Durante la conferencia matutina conocida como “La Mañanera del Pueblo”, la mandataria dijo: “toda la fuerza del estado, la fuerza del estado es la justicia, hay quien pide como ocurrió con la guerra contra el narco, la militarización y la guerra, eso no funcionó, es más, fue lo que llevó a la situación de violencia en Michoacán, la guerra contra el narco, eso no funcionó, al contrario, fue lo que generó está violencia que apenas estamos disminuyendo”.
“Fueron 6 años de Calderón, 6 años de Peña, y apenas cambió la estrategia y siempre lo hemos dicho: Es la Atención a las Causas y la Cero Impunidad, la Inteligencia, la Investigación y la Judicialización. Pero la guerra contra el narco, las ejecuciones extrajudiciales esas no llevaron a nada, 6 años de guerra contra el narco, 6 años en donde Peña armó a través de un comisionado, autodefensas, no funcionó.
Y nosotros es la cero impunidad y la justicia y la atención a las causas, las dos y al mismo tiempo, la presencia, presencia e inteligencia, y justicia. Justicia social y también un verdadero sistema de justicia, en donde un delincuente pueda ser detenido o presunto delincuente pueda ser detenido y tenga un juicio. El fortalecimiento de las instituciones de justicia, la presencia y la inteligencia.
Vamos a estar cerca de Michoacán, no están solos y no los vamos a dejar solos, de Uruapan y de todo Michoacán, igual que de todo el país”.

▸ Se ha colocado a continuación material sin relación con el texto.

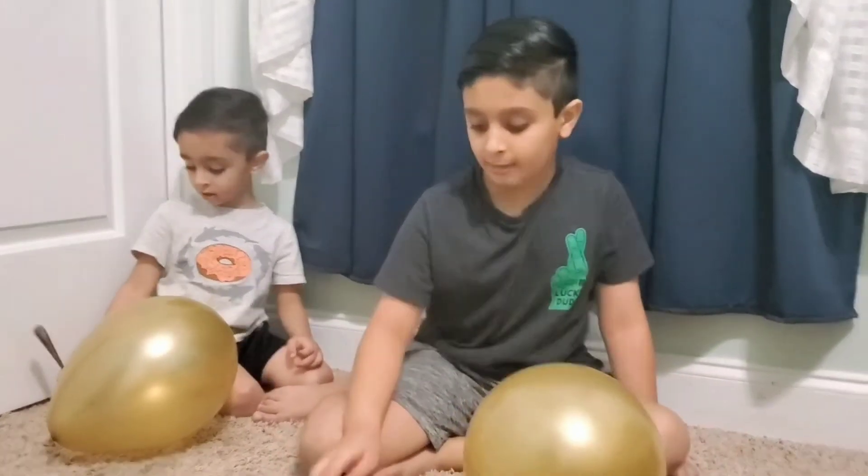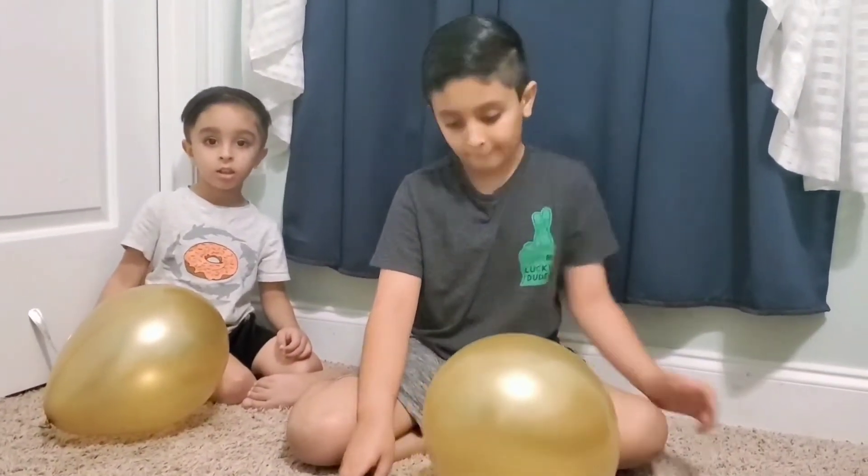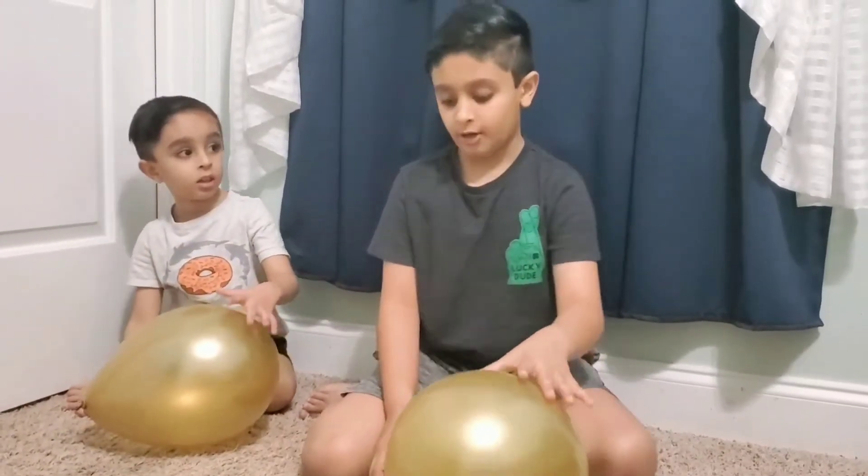Hey friends, welcome to our channel! Today we're going to make a lightning experiment with a balloon and spoon. We have a balloon and a metal spoon. First, we need to rub the balloon on our hair, and then afterwards we're going to tap it with the spoon.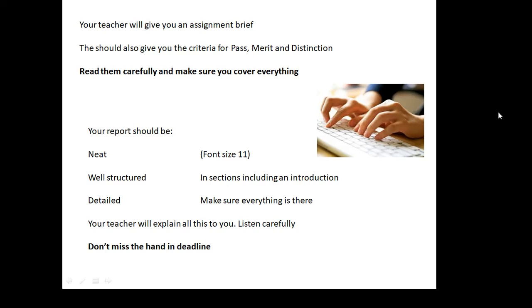Your teacher will give you an assignment brief. Assignment A is actually the colorimetry and the titration together, and you shouldn't hand them in unless they are together. Your teacher will give you the criteria for pass, merit, and distinction — you can also look on the syllabus yourself. Read them carefully and make sure you cover everything. If there are one or two little bits missing, it could cost you a distinction, a merit, or even a pass. Make sure everything that's supposed to be there is actually in there.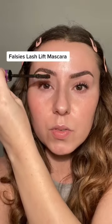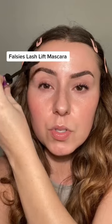This is the Faulties Lash Lift. This one is my favorite — it just leaves them so fluffy. Look at that already. That's just one coat. As you can see, this one's already starting to fall.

La presidenta calificó el homicidio de Carlos Manzo como un “vil y cobarde crimen”, señalando que fue cometido durante un evento social al que el alcalde acudió para convivir con los ciudadanos.
El asesinato del alcalde Carlos Manzo Rodríguez, ocurrido la noche del 1 de noviembre durante el Festival de Velas, ha provocado una ola de indignación en Michoacán y en todo el país. Diversos sectores sociales han exigido resultados concretos, mientras crece el debate sobre la eficacia de la estrategia de seguridad del gobierno federal.